Indian economy has seen a paradigm shift from state centric economy (Nehru – Mahalanobis Model) to a market centric economy (Rao – Manmohan Model) since the year 1991. It moved from closed economy to open economy, less FDI (Foreign Direct Investment) of around 40% to FDI of 100% in many sectors, high deficits to controlled deficits, administered rate of interest to deregulated market friendly rate of interest, and high tax rate to liberalized tax process. It is the world’s fifth-largest economy by nominal GDP and the third-largest by purchasing power parity (PPP). According to the IMF, on a per capita income basis, India ranked 142nd by GDP (nominal) and 119th by GDP (PPP) per capita in 2018. From independence in 1947 until 1991, successive governments promoted protectionist economic policies with extensive state intervention and regulation; the end of the Cold War and an acute Balance of Payments (BoPs) crisis in 1991 led to the adoption of a broad program of economic liberalization. Since the start of the 21st Century, annual average GDP growth of India has been 7.3% during 2013-14 - 2018-19. India was the world’s fastest growing major economy, surpassing China whose average GDP growth was 7.0% during 2013-14 - 2018-19.
There is a speed decline in real GDP growth in India in the year 1991-92 to 1.4% from 5.3% in the year 1990-91. The reason could be due to the Balance of Payments (BoPs) crisis and double-digit inflation during 1990-91 on account of Gulf War. However, it jumped to 5.4% in 1992-93 and to 8.0% in 1996-97 because of the increase in private corporate sector investment on account of government’s liberal policies. Thereafter sharply declined to 4.3% in 1997-98 largely due to the volatility in agricultural growth. Again, increased to 8.0% in 1999-2000 due to inflation adjusted for 1999-2000 base year and speedily decline to 4.1% in 2000-01 & 3.9% in 2002-03 due to recession. Thereafter moving upward to reach the highest growth of 9.6% in 2006-07 due to high capital inflows attributed to the massive Quantitative Easing (QE) undertaken by the US to combat economic slowdown of global level. Further declined to 6.7% in 2008-09 due to recession and again move upward to reach at 9.3% in 2010-11 due to the decline in India’s simple tariff rates to 12.0%. Again, declined to 5.5% in 2012-13 due to industrial slow down and afterword continuously increase to 8.2% till 2016-17 because India changed its data sources and methodology for estimating real Gross Domestic Product (GDP) for the period since 2011-12. This change has led to a significant overestimation of growth. Thereafter declines and reach at 6.8% in 2018-19. Recently IMF predicts less than 5% growth rate for FY2019-20. However, the average decadal real GDP growth is continuously showing an increasing trend since 1989-90, i.e. from 1989-90 to 1998-99 it is 5.7%, from 1999-2000 to 2008-09 it is 7.2% and from 2009-10 to 2018-19 it is 7.4%. The long-term growth perspective of the Indian economy remains positive due to its young population and corresponding low dependency ratio, healthy savings and investment rates, and is increasing integration into the global economy. The economy slowed in 2017-18 due to shocks of “demonetization” in 2016-17 and introduction of Goods and Services Tax (GST) in 2017-18. Nearly 60% of India’s GDP is driven by domestic private consumption and continues to remain the world’s sixth-largest consumer market. Apart from private consumption, India’s GDP is also fueled by government spending, investment and exports.

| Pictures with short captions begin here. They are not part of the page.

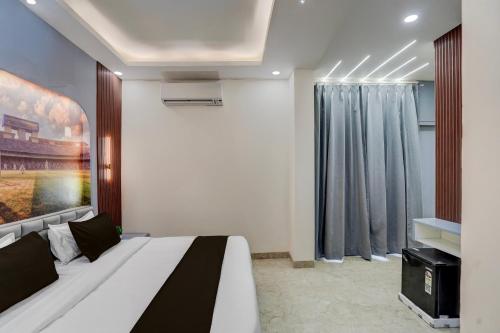 a bedroom with a bed and a painting on the wall at Hotel O Maruti Hotel in Indirapuram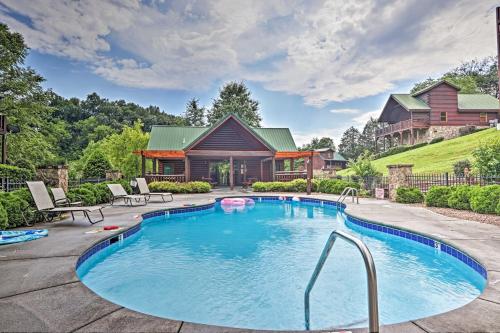 a swimming pool in a backyard with a house at 3 Mi to Dollywood Hot Tub Hideaway in Smoky Mtns in Pigeon Forge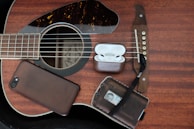 A wooden acoustic guitar lies flat with a smartphone, a pair of wireless earbuds in their case, and a leather wallet placed on its body. The items are arranged artfully, emphasizing the guitar's strings and wood grain texture.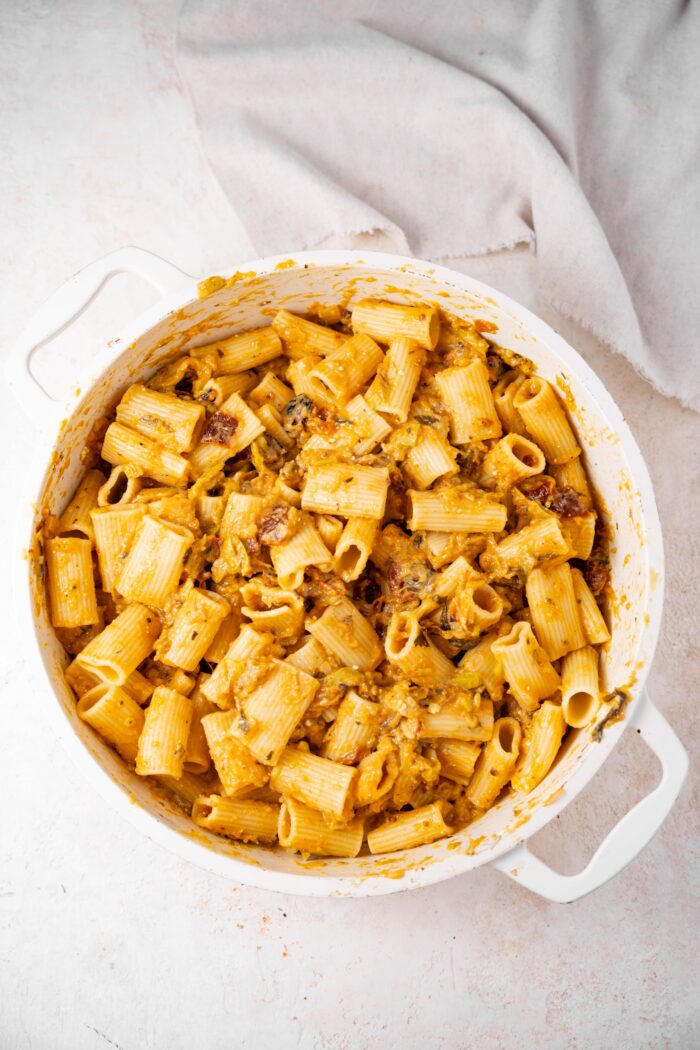 Rigatoni mixed with creamy zucchini lemon pasta sauce in the white casserole dish.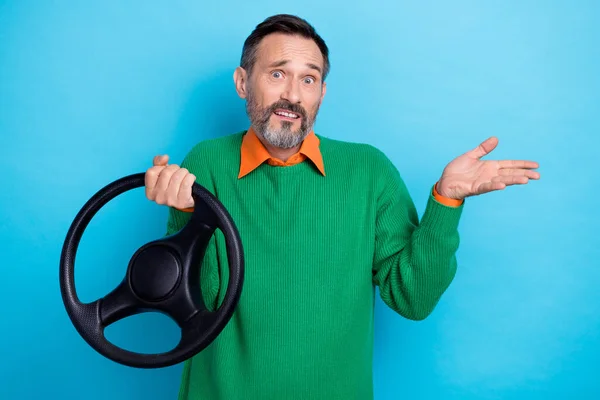 Photo of stressed funny grimace shrug shoulders middle aged man wear green sweater no idea rent service car wheel isolated on blue color background.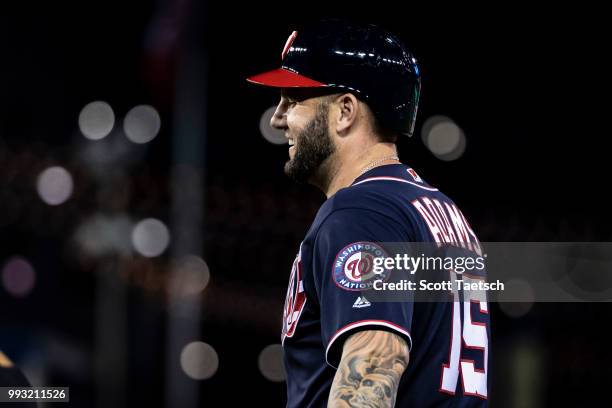 Matt Adams of the Washington Nationals reacts after hitting a single to load the bases against the Miami Marlins during the eighth inning at...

To conclude we can say that Indian economy performed well after 1991-92 but currently Indian economy going through another turbulent phase. It is hard to believe the fact that, we have definitely grown since 1991-92 but the main concerns are our fiscal deficit and current account deficit. However, people often mentioned that our Current Account Deficit as percentage to GDP in 2018-19 is 2% as compared to 3% in 1990-91 and Fiscal Deficit as percentage to GDP is 3.3% in 2018-19 as compared to 7.6% in 1990-91. From the above discussion and analysis it is clear that Indian economy choose the right path. But it should walk on the path properly. Regulatory agencies should not use their wisdom teeth always; they should also use their biting teeth.